WHAT IS REQUIRED:
Your answer should consist of the lines below that hold the word "same".

Items from a dataset:
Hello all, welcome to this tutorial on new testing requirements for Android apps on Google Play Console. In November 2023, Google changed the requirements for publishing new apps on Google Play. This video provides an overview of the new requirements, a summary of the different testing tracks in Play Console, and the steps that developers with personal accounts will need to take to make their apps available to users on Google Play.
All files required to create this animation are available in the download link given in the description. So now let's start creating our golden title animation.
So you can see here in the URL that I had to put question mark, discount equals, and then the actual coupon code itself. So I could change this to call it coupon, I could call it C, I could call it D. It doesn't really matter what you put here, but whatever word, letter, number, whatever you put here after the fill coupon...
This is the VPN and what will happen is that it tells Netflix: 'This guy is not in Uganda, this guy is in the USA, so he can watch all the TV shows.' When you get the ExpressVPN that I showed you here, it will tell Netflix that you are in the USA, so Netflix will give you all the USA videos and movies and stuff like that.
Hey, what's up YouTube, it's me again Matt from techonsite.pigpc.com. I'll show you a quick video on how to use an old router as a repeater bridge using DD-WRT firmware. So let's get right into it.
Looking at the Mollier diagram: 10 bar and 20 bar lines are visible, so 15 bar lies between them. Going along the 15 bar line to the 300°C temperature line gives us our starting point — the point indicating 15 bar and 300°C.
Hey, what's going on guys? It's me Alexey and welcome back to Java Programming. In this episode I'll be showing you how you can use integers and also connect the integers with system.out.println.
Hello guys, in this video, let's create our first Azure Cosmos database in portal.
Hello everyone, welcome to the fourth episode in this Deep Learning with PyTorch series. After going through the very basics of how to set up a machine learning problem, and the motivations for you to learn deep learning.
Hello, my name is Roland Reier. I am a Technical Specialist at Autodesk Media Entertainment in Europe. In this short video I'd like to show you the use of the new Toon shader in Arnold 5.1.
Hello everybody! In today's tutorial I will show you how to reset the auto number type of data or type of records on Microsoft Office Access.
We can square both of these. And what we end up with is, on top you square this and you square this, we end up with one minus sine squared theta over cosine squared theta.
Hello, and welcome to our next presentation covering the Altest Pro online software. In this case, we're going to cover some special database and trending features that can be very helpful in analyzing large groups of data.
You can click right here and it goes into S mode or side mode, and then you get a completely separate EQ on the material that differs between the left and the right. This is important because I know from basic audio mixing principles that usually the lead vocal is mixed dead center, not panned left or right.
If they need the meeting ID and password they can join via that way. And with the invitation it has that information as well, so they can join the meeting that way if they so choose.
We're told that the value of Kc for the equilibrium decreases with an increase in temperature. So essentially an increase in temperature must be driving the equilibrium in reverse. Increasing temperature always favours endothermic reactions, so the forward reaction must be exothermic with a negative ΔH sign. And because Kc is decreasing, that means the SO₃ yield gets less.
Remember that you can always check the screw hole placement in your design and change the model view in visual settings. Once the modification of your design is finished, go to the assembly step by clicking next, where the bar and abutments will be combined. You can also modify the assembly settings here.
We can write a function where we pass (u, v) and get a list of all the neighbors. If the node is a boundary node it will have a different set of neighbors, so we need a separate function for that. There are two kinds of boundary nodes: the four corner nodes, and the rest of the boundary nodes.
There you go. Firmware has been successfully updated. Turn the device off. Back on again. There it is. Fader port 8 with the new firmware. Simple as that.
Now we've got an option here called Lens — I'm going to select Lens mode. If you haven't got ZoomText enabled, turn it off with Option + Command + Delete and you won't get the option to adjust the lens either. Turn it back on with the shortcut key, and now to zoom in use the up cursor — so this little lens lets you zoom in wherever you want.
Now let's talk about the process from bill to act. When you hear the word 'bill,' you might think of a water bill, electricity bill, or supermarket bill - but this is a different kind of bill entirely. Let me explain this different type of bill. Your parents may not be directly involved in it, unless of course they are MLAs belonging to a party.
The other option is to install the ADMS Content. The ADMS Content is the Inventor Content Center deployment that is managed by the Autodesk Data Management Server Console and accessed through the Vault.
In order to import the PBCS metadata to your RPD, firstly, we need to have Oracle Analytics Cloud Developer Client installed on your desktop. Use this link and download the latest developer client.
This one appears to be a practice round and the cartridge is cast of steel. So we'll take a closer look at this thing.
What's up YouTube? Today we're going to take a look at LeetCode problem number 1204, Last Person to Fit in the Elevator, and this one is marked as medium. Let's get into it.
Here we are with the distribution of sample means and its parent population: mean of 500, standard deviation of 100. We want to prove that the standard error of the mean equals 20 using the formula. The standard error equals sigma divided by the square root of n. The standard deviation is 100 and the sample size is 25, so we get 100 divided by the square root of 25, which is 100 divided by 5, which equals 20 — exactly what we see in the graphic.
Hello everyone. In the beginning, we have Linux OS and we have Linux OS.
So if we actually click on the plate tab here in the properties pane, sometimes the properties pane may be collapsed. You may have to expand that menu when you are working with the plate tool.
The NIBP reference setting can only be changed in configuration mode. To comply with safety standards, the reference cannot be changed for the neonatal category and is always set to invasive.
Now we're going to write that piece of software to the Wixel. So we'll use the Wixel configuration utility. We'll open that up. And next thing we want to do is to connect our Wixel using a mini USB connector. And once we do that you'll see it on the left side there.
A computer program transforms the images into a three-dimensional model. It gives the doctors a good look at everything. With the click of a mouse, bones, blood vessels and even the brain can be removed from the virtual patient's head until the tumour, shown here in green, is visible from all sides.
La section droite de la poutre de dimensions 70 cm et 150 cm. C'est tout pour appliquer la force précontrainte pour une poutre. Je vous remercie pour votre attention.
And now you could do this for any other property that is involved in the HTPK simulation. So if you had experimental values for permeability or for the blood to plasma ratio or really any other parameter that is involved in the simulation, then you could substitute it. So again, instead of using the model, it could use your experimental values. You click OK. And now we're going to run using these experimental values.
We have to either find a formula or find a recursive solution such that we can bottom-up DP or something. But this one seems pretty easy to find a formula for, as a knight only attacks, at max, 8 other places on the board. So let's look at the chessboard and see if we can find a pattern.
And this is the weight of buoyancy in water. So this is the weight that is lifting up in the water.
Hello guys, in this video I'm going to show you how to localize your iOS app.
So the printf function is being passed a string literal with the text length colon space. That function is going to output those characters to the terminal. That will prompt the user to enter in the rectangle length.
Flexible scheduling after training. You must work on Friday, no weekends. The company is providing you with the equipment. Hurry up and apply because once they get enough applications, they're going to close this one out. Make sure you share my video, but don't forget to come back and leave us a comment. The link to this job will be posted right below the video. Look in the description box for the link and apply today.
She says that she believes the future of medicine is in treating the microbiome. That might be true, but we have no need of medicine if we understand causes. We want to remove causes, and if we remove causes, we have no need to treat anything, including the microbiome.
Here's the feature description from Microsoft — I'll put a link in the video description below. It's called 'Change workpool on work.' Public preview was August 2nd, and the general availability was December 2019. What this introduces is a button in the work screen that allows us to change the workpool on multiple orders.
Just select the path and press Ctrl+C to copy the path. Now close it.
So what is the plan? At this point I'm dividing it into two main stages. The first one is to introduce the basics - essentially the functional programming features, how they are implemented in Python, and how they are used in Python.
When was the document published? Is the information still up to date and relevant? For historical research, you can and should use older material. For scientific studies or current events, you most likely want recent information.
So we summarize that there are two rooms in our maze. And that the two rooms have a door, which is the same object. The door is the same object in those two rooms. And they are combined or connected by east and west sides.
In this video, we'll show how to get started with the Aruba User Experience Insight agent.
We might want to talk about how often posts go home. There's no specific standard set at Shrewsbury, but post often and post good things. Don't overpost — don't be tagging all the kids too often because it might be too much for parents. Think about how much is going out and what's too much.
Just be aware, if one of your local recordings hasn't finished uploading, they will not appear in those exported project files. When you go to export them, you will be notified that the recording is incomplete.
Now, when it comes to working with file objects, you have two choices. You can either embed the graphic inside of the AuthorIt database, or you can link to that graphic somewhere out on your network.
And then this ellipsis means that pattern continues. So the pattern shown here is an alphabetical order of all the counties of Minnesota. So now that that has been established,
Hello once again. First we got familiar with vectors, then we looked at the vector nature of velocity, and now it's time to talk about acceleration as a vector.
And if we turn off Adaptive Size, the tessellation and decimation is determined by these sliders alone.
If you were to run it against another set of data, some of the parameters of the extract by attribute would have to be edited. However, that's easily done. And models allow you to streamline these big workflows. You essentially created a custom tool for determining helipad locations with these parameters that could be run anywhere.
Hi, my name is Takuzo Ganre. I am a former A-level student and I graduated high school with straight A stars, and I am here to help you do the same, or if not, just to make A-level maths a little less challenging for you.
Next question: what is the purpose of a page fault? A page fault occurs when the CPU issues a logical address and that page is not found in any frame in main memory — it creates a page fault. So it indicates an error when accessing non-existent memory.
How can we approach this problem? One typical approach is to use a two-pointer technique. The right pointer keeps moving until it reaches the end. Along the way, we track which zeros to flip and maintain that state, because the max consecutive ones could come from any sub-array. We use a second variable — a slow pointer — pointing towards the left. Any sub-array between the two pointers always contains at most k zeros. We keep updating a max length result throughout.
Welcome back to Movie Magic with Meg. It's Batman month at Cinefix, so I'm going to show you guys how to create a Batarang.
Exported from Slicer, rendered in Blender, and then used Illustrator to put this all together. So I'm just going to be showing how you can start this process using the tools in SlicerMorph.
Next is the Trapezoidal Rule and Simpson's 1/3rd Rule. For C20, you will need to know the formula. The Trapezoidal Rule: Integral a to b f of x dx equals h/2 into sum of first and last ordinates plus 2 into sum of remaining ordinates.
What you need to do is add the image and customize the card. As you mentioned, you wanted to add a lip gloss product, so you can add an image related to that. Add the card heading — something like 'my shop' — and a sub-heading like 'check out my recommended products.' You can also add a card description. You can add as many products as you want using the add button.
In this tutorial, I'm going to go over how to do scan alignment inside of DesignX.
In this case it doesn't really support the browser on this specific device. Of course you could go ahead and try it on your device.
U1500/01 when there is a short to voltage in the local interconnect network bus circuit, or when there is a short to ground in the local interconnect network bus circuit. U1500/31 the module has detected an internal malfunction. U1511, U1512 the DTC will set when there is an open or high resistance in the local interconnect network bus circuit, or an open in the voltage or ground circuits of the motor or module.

TASK RESPONSE:
So we summarize that there are two rooms in our maze. And that the two rooms have a door, which is the same object. The door is the same object in those two rooms. And they are combined or connected by east and west sides.
Hi, my name is Takuzo Ganre. I am a former A-level student and I graduated high school with straight A stars, and I am here to help you do the same, or if not, just to make A-level maths a little less challenging for you.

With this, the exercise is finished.